_Short web captions_
--------------------------------
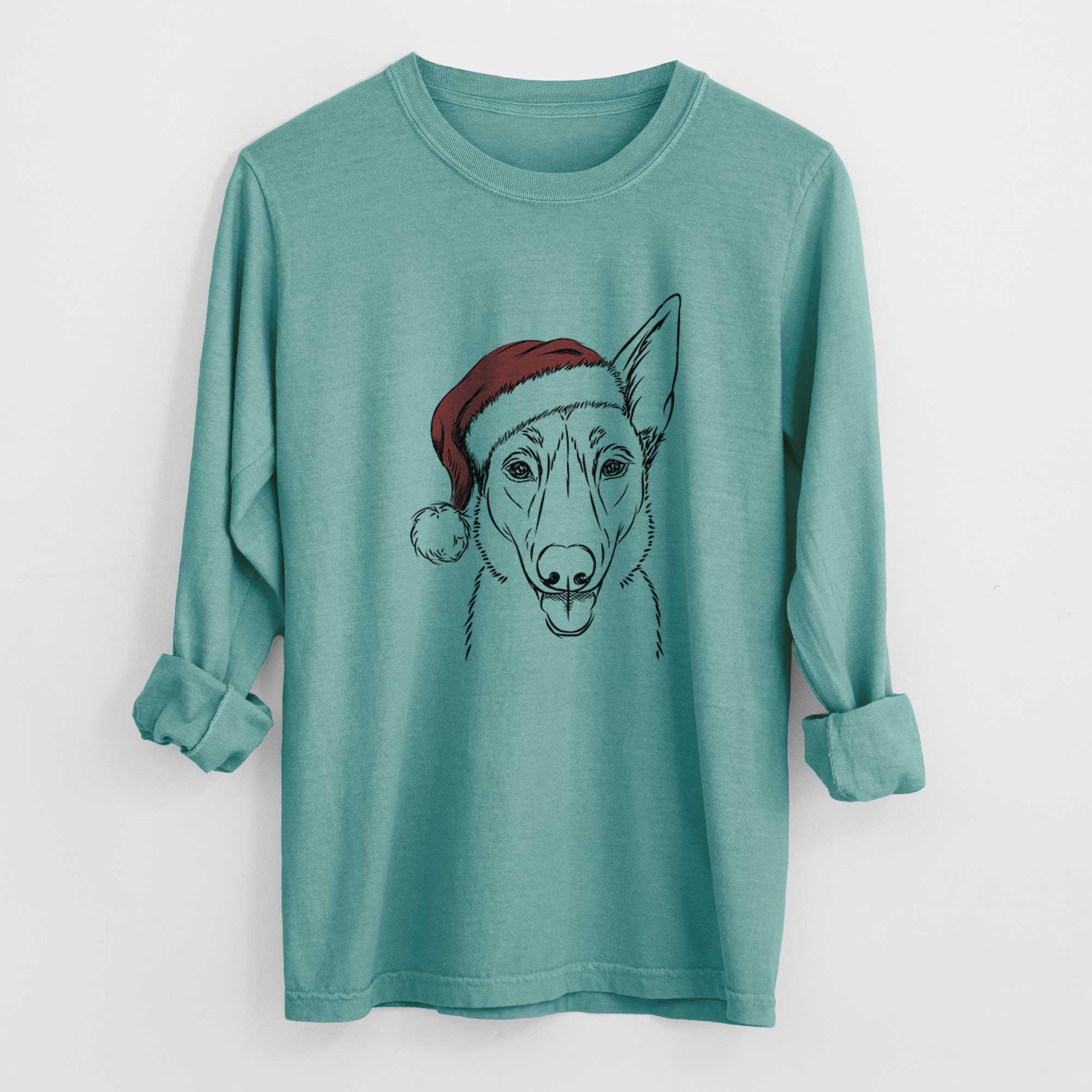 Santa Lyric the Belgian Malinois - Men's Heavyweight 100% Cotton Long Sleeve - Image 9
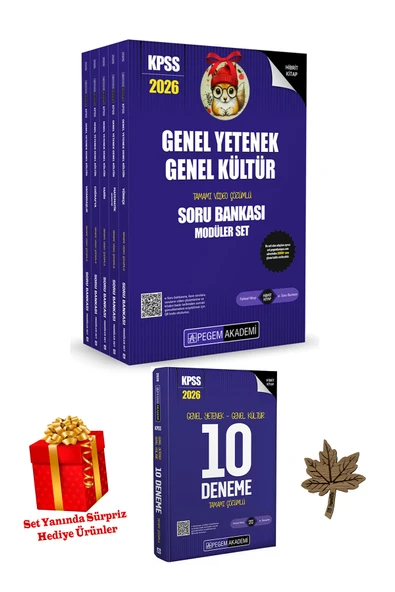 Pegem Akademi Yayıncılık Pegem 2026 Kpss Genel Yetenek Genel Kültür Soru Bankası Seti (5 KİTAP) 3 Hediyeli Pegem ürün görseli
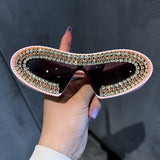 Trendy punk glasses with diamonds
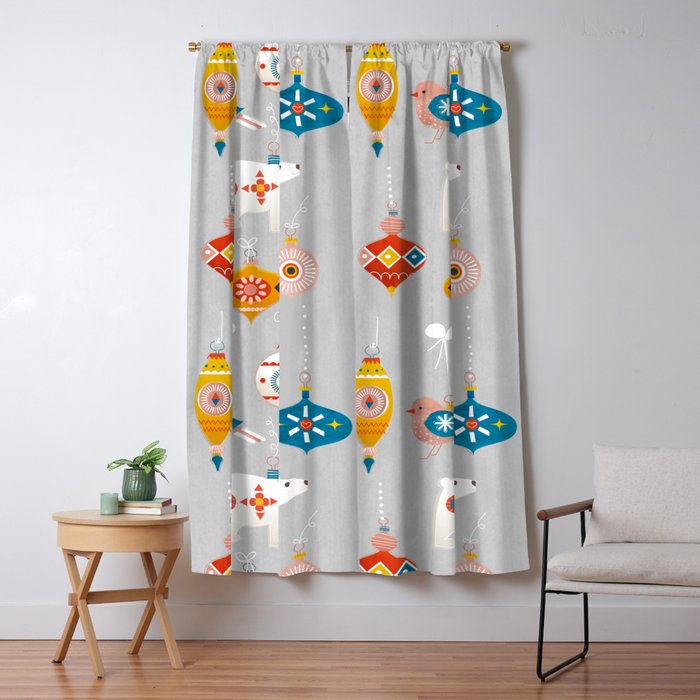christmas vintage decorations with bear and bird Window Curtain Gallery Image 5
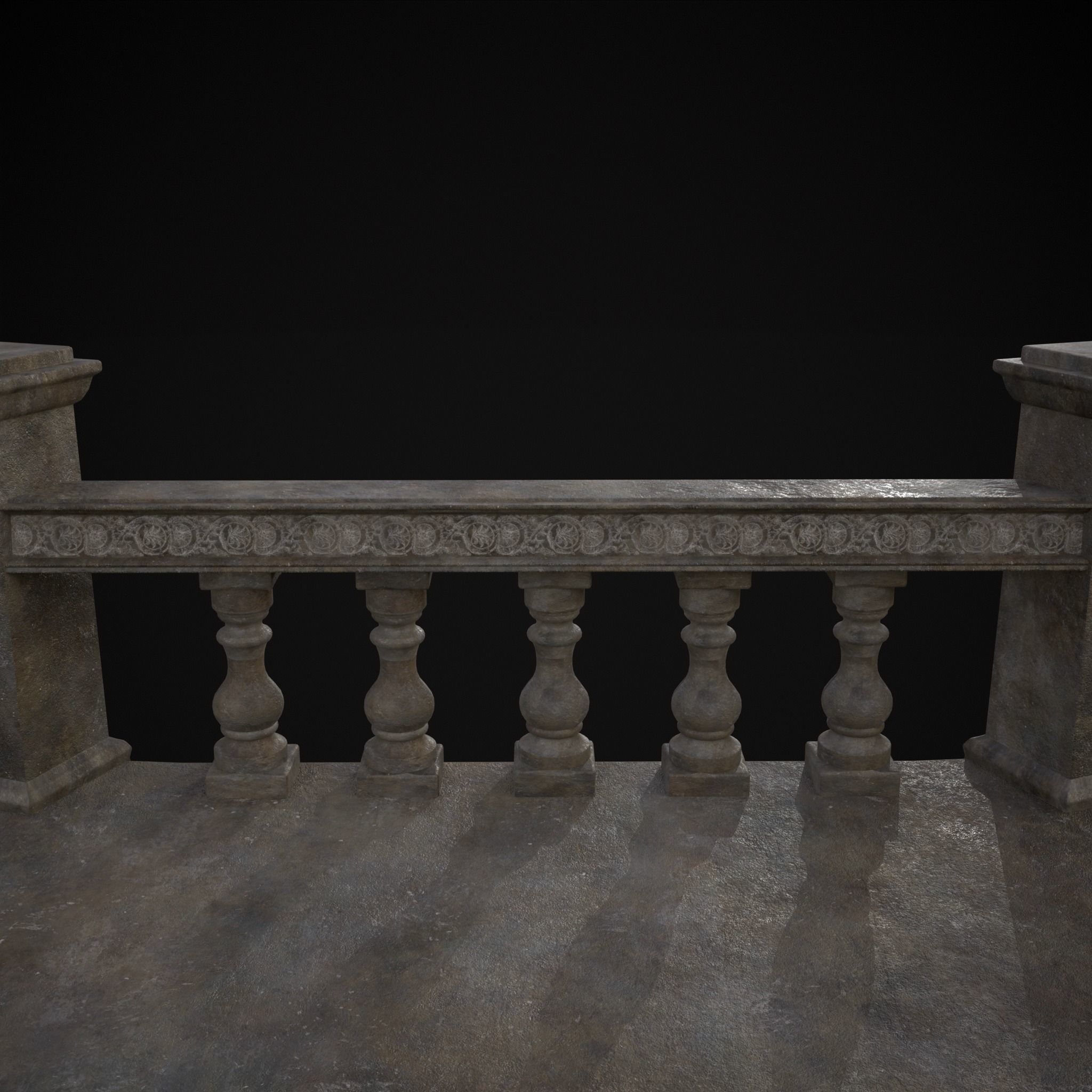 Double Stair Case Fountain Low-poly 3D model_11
--------------------------------
_What you need to do_
Where an entry holds an image, drop the image and copy the remaining text exactly.

_Task response_
 Santa Lyric the Belgian Malinois - Men's Heavyweight 100% Cotton Long Sleeve - Image 9
 Pegem Akademi Yayıncılık Pegem 2026 Kpss Genel Yetenek Genel Kültür Soru Bankası Seti (5 KİTAP) 3 Hediyeli Pegem ürün görseli
 Trendy punk glasses with diamonds
christmas vintage decorations with bear and bird Window Curtain Gallery Image 5
 Double Stair Case Fountain Low-poly 3D model_11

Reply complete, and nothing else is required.